You can also have a look at MyBatis (www.mybatis.org) . It helps you write SQL statements outside your java code and maps the sql results into your java objects among other things.
Google provides a library called the Room Persitence Library which provides a very clean way of writing SQL for Android Apps, basically an abstraction layer over underlying SQLite Database. Bellow is short code snippet from the official website:
#Dao
public interface UserDao {
#Query("SELECT * FROM user")
List<User> getAll();
#Query("SELECT * FROM user WHERE uid IN (:userIds)")
List<User> loadAllByIds(int[] userIds);
#Query("SELECT * FROM user WHERE first_name LIKE :first AND "
+ "last_name LIKE :last LIMIT 1")
User findByName(String first, String last);
#Insert
void insertAll(User... users);
#Delete
void delete(User user);
}
There are more examples and better documentation in the official docs for the library.
There is also one called MentaBean which is a Java ORM. It has nice features and seems to be pretty simple way of writing SQL.
Read an XML file.
You can read it from an XML file. Its easy to maintain and work with.
There are standard STaX, DOM, SAX parsers available out there to make it few lines of code in java.
Do more with attributes
You can have some semantic information with attributes on the tag to help do more with the SQL. This can be the method name or query type or anything that helps you code less.
Maintaince
You can put the xml outside the jar and easily maintain it. Same benefits as a properties file.
Conversion
XML is extensible and easily convertible to other formats.
Use Case
Metamug uses xml to configure REST resource files with sql.

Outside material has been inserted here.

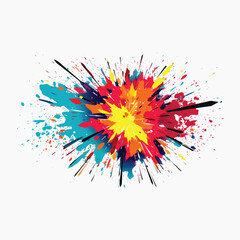 Sticker - Colorful abstract paint splatter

If you put the SQL strings in a properties file and then read that in you can keep the SQL strings in a plain text file.
That doesn't solve the SQL type issues, but at least it makes copying&pasting from TOAD or sqlplus much easier.
How do you get string concatenation, aside from long SQL strings in PreparedStatements (that you could easily provide in a text file and load as a resource anyway) that you break over several lines?
You aren't creating SQL strings directly are you? That's the biggest no-no in programming. Please use PreparedStatements, and supply the data as parameters. It reduces the chance of SQL Injection vastly.